Event Details
Topic
Popular ideas about sustainability are still largely guided by a techno-scientific ideal of control, even though limits and difficulties of this ideal have been obvious for some time. Often fueled by alarmist scenarios of destruction, the remnants of a techno-scientific ideal of control threaten to undermine the very notion of sustainability as well as our attempts to initiate and foster transformations towards more desirable and just futures. Alternatives to a techno-scientific illusion, such as co-evolutionary processes within complex adaptive systems or participatory transdisciplinary conceptions of sustainability have emerged, but have yet to gain wider acceptance outside of specific academic discourses.
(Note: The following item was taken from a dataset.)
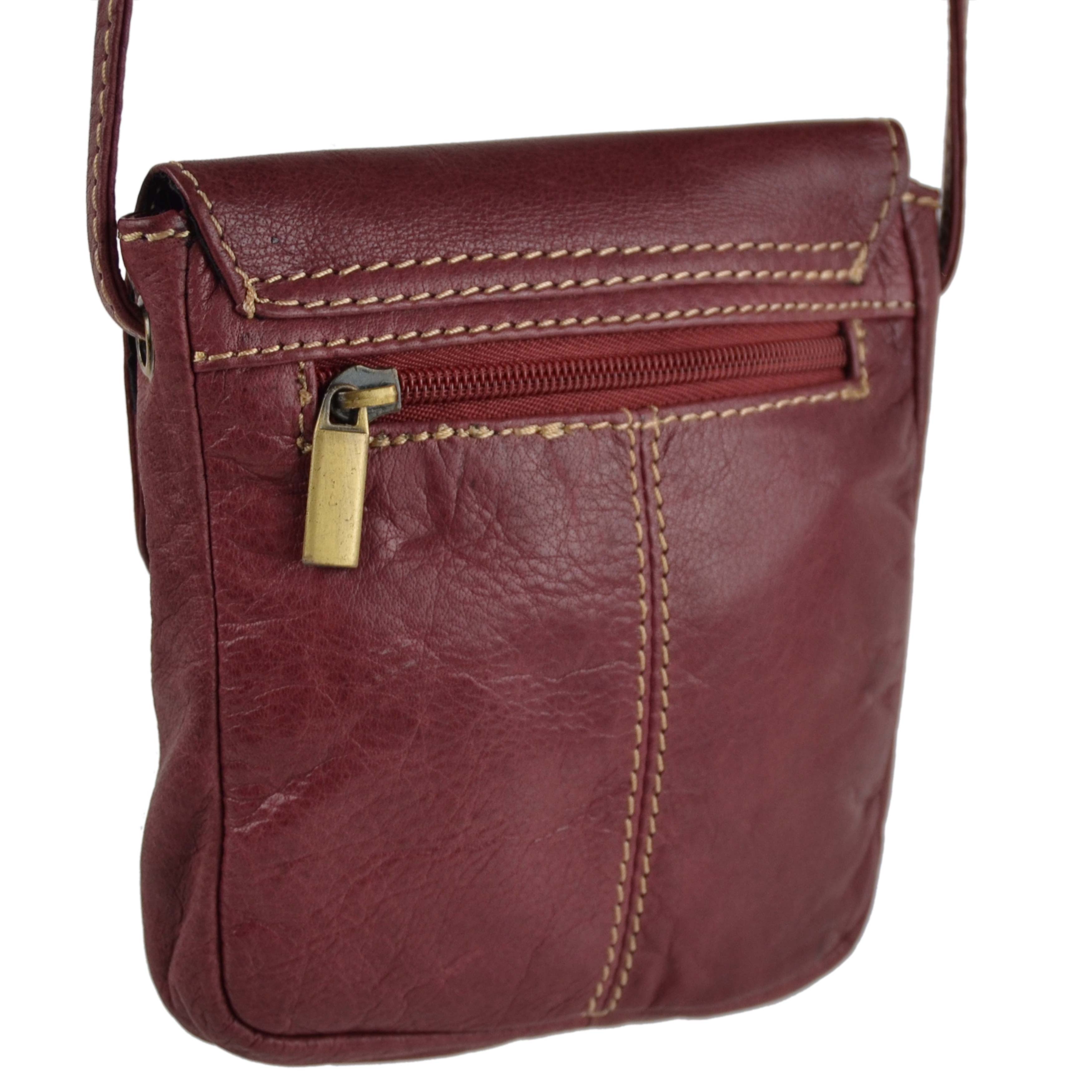 Ladies Soft Leather Cross Body Shoulder BAG by Blousey Brown Purse Handbag - Picture 17 of 21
This workshop places current ideas about sustainability and related transformations in the context of interlinked histories of techno-science, cybernetics, complex systems theory and sustainability science. Participants will focus on detailed historical analyses of case studies, assessment of current trends and discourses, and envisioning of future ones. A main focus will be on the shifting conceptual frameworks and on the role of modeling strategies (especially complex systems models) for sustainability transformations.
Goals
The goal of the workshop is to jointly develop a more adequate methodology and epistemology for a sustainability science that moves beyond a techno-scientific ideal of control and that is rooted in complex adaptive systems, co-evolutionary perspectives, and transdisciplinary methodologies. We will develop a vision for a complexity-inspired sustainability science that is grounded in a thorough understanding of the historical roots and epistemological conditions of sustainability which shall enable participatory and collaborative approaches to sustainability transformations.
Questions
- What are examples of complexity-inspired approaches for sustainability in the Anthropocene? What can we learn about how to deal with complexity in sustainability from the study of broad historical trends in the sustainability discourse? What can we learn from the study of specific case studies about the main features of a complexity-inspired sustainability science?
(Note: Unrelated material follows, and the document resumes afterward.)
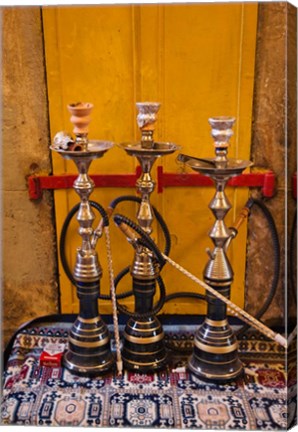 Framed Sheesha pipes, Jerusalem, Israel Print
- What do theoretical and epistemological foundations for a complexity-inspired sustainability science should look like? What are examples of existing theoretical and epistemological frameworks for sustainability in the Anthropocene? To what extent do these frameworks rely on an understanding of socio-ecological and socio-technical systems as co-evolving and complex adaptive systems? What is already there and what is missing?
- How can we develop and establish a complexity-inspired sustainability science into the future? If we aim to develop and establish a sustainability science rooted in complex adaptive systems, co-evolutionary perspectives, and transdisciplinary methodologies, what is present already and what should be improved? What strategic steps should we take to establish a stronger complexity-inspired sustainability science that moves beyond a techno-scientific ideal of control?